We moved on to one of the most interesting desserts Shubby Sweets had on display – Snickers Cheesecake ($7.90). The thick cheesecake was drenched in a gooey layer of salted caramel and halved peanuts, which dripped tantalisingly along the edges. We were told that this treat wasn’t made with actual Snickers.
Here’s a little close-up of the sticky syrup to send your stomach growling.
The cheesecake, which came with chocolate marbling, tasted a little too jelak for me. Just a few spoonfuls, and I was done. The caramel sauce, on the other hand, was really addictive. It was salty-sweet, with a slightly bitter aftertaste. It was the reason I kept coming back for seconds.

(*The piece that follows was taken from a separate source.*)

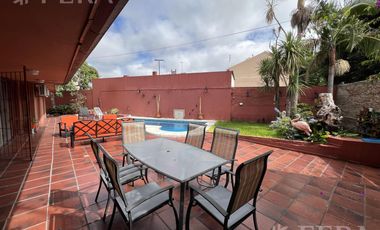 Venta casa con 5 ambientes en Wilde con cochera y piscina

Finally, we finished off with the Earl Grey Tea-ramisu ($6.50). Now, this cake was the physical definition of moist.
The tiramisu was covered in milk chocolate shavings, and the ladyfingers were coated in layers of Earl Grey mascarpone, giving it a creamy texture. I was pleased to find that the tiramisu wasn’t sugary sweet like all the other desserts I’d had preceding it. Everything about it was pillowy and mild.
Ambience at Shubby Sweets
Do note that Shubby Sweets only does takeaways. No seats are available here, although your desserts will be neatly packed into boxes or plastic containers for you to enjoy elsewhere. Apart from baked goods, Shubby Sweets also sells pretty household items including picture frames and dishes.
My colleague and I were quite impressed by the minimalistic, contemporary set-up in the air-conditioned store. It stood out to us amidst all the other convenience stores dotting the sleepy neighbourhood.
Shubby Sweets takes the cake – no pun intended. While I’ll never order so many things at one go again, I’ll definitely return for more. They switch things up on their menu every week, so stay tuned to their Facebook page for any announcements. If you’re lucky, you might get to try other interesting treats such as their Smores Choux and Gula Melaka Cheesecake!
Address: 42 Chai Chee Street, #01-68, Singapore 461042
Opening hours: Wed-Fri 1:30pm to 6:30pm, Sat-Sun 12:30pm to 6:30pm
Tel: 8419 9614
Shubby Sweets is a Muslim-owned dessert shop.
This is an independent review by Eatbook.sg.